It is certainly more general, but it feels like putting multiple distinct responsibilities

(segmenting text and processing on each segmented item) and can be awkward

to use.

Especially, the cluster splitter as specified in UAX#29 requires lookahead

and such splitter could be implemented more efficiently if we allow keeping states,

but allowing only Text -> (a, Text) type procedure excludes such internal state.

Clustering algorithm can be provided as generators (e.g. Text -> (() -> Grapheme) or

Text -> (() -> Word), etc.). Such generators can be combined with generator

mapping operators freely, and covers use cases of the proposed generalized

text-map etc. (The only cases it can't cover is when you want to switch granularity

as you consume input. I assume it's rather rare case, though.)

Cf. Gauche employs generator-base approach for clustering:

http://practical-scheme.net/gauche/man/?p=Unicode+text+segmentation

On Thu, Jun 9, 2016 at 3:24 AM, John Cowan <xxxxxx@mercury.ccil.org> wrote:

I put this in briefer form into the bottom of another email, so I'm
repeating it here under its own subject line so it won't be lost sight of.

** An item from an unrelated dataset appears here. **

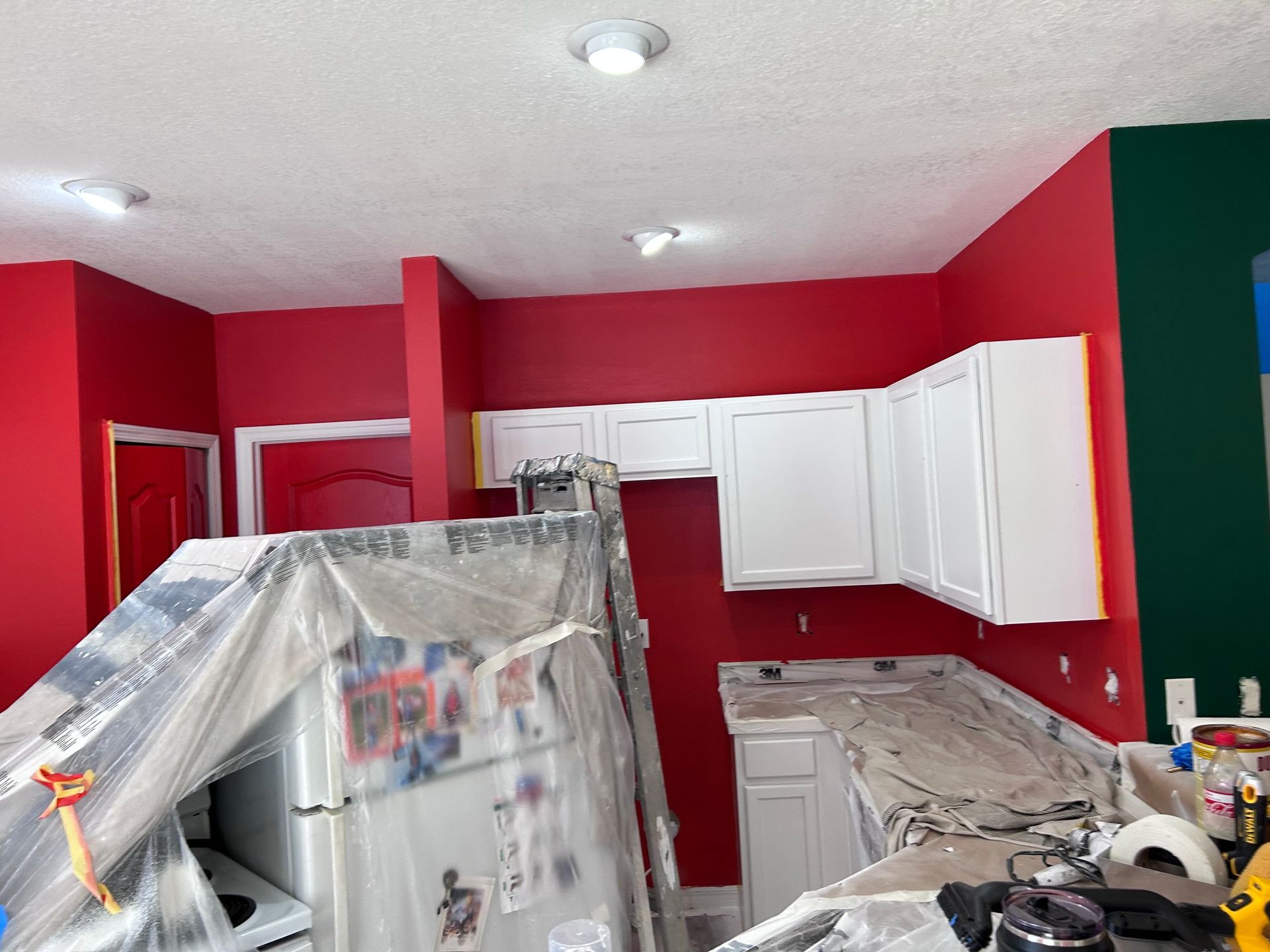 A kitchen with red walls and white cabinets is being painted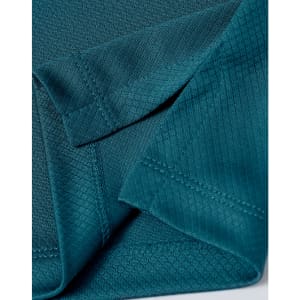 A close-up of a teal fabric featuring a jacquard knit pattern, showing the texture and stitching details.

In a Unicode world, codepoint granularity for mapping functions will
often be too fine, but we cannot say for all processing tasks what the
correct granularity is. Sometimes it is code points, sometimes it is
grapheme clusters (legacy or extended), sometimes it is whole words or
larger textual units. See UAX #29 at <http://unicode.org/reports/tr29/>
for discussions of these terms, and note that this is an official part
of the Unicode Standard.

To generalize over all of these, I propose replacing the procedures passed
to textual-map, textual-fold, etc. to accept a text as their argument,
namely what has yet to be processed, and return two texts: the rest
of the text as yet unprocessed and the processed result of this call.
Thus a procedure that wants to process codepoint-by-codepoint uses
(text-ref t 0) to examine the first codepoint of its argument t, and
(subtext t 1) to get the first value to return.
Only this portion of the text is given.